Au rapport d'Aboulféda,[16] le kadi Djémal eddin ben Wasel avait composé un abrégé fort bien fait du Kitab-alagâni.

Notre auteur, en plusieurs endroits de son ouvrage,[17] cite un traité qu'il avait composé, sur la demande d'un de ses frères, et qui contenait une exposition détaillée de tout ce qui concerne les termes de musique.

Le même écrivain,[18] citant un événement historique qu'il ne fait qu'indiquer, ajoute : Tout cela est raconté fort au long dans le Traité généalogique, , où j'ai pris soin de recueillir tout ce qui concerne l'origine et l'histoire des Arabes, et que j'ai intitulé , Livre de la justice et de l'impartialité. Si ce passage n'est pas fautif, les deux titres, contre l'opinion rapportée ci-dessus, désignaient un seul et même ouvrage.

Après avoir rassemblé tous les détails qu'il m'a été possible de recueillir sur la vie d'Aboulfaradj et sur ses ouvrages, je crois devoir m'attacher à faire connaître d'une manière spéciale la seule de ces productions qui se trouve sous mes yeux, je veux dire le Kitab-alagâni. Je ne saurais mieux faire que de laisser parler l'auteur lui-même, et de traduire fidèlement l'introduction qu'il a placée en tête du premier volume, et dans laquelle il expose les motifs qui l'ont engagé à prendre la plume, le plan qu'il s'est proposé et les moyens qu'il a mis en œuvre pour donner à son ouvrage le degré de perfection dont il était susceptible.

*****

« Le Kitab-alagâni a pour auteur Ali ben Hosaïn ben Mohammed Koraschi, l'écrivain, connu sous le nom d'Isfahani, qui a pris soin d'y réunir tout ce qu'il a pu trouver de chansons arabes, tant anciennes que modernes. Il s'est attaché, pour chacune de ces chansons, à désigner l'auteur des vers, celui de la musique, à indiquer avec clarté et précision le mode auquel elle appartient, et si deux compositeurs ont partagé le travail ; à expliquer les mots difficiles, les formes grammaticales et les règles de prosodie, dont la connaissance est indispensable pour parvenir à distinguer le mètre poétique et la mesure des airs. L'auteur n'a pas voulu, dans cet ouvrage, rapporter tout ce qui a été mis en musique, attendu qu'il a écrit sur le même sujet un autre livre, qui ne renferme aucun détail historique, mais qui comprend toutes les chansons anciennes et modernes.

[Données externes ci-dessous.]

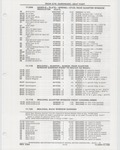 Next Page - Buick Models Thru 1975 April 1983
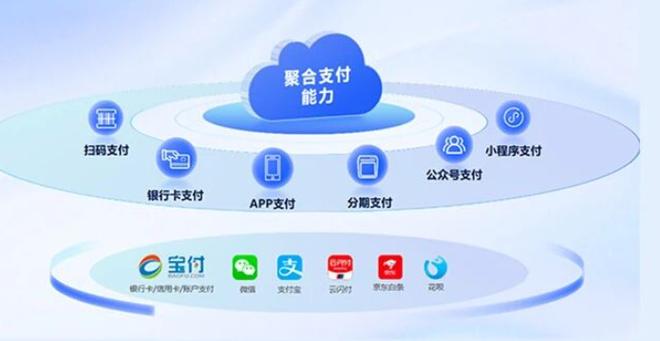 宝付支付是支付宝吗缩略图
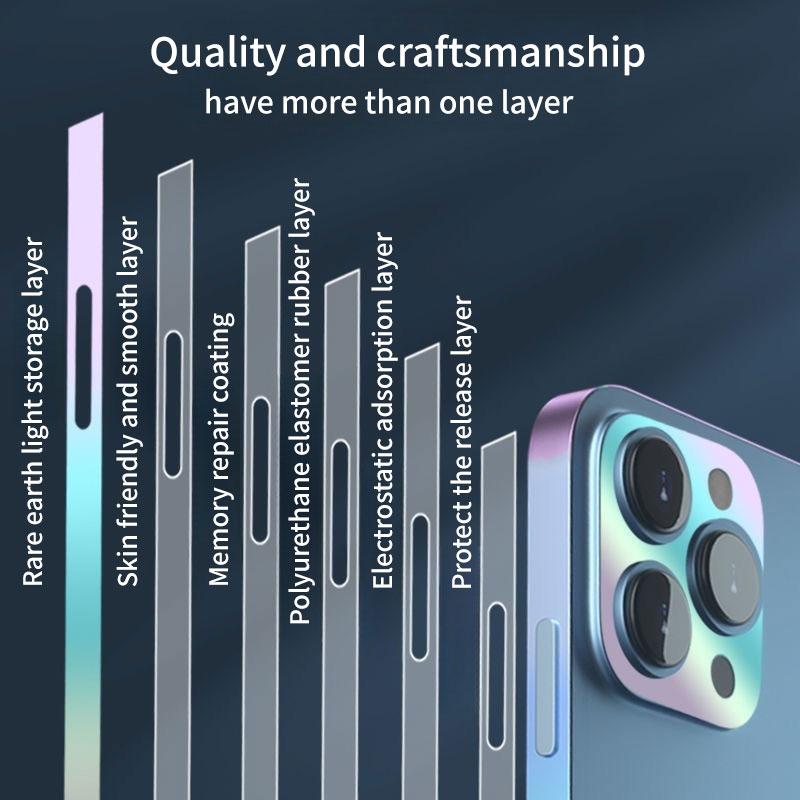 Для iPhone 16 Pro Max 16e 15 Pro Max 14 Pro Max 13 Plus 13 Mini 12 Pro Max светящаяся в ночи рамка-наклейка пленка + защита объектива камеры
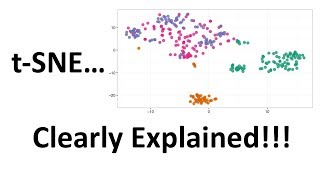 StatQuest tSNE Clearly Explained [upl. by Eilis]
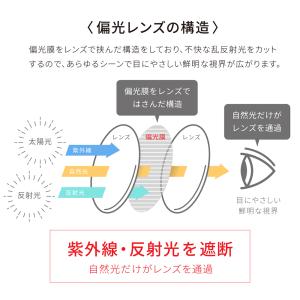 サングラス 調光 偏光 レンズの色 自動変化 ...の詳細画像5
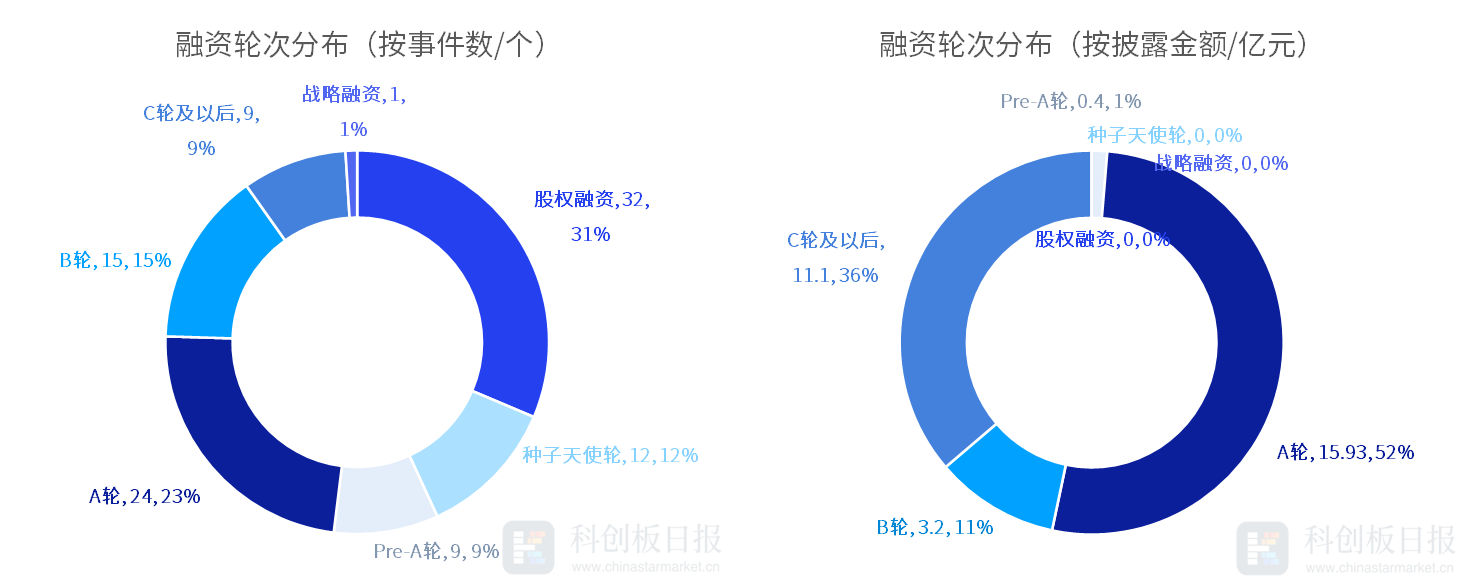 乐鱼APP(中国)官方网站1月国内半导体领域投融资事件环比增3077% 瞻芯电子(图3)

« Dans celui-ci, il a relaté avec soin tous les faits qui concernent le poète ou le musicien, indiqué la circonstance qui a donné naissance au poème ou à l'air; le tout avec des détails suffisants et qui amènent naturellement la citation de la chanson, mais avec autant de brièveté que le sujet le comporte, et en évitant, autant que possible, une prolixité et un bavardage inutiles. Sous chaque article il a pris soin de rapporter des exemples parallèles, des traits analogues et des morceaux variés, dont la réunion pût offrir au lecteur une série non interrompue de détails instructifs, le mélange du sérieux et du badinage, des paroles mémorables et des faits historiques, des renseignements biographiques et des pièces de poésie, la relation des combats fameux chez les Arabes, leurs histoires les plus authentiques, la vie des rois du paganisme et des khalifes musulmans, enfin tout ce que les personnes bien élevées doivent se faire honneur de savoir, ce que les jeunes gens doivent étudier avec soin, et où les hommes faits eux-mêmes ne peuvent rougir d'aller chercher de l'instruction; car l'auteur a puisé tous les faits qui composent son recueil dans les histoires les meilleures, les plus véridiques, et dans les récits des personnages les plus instruits.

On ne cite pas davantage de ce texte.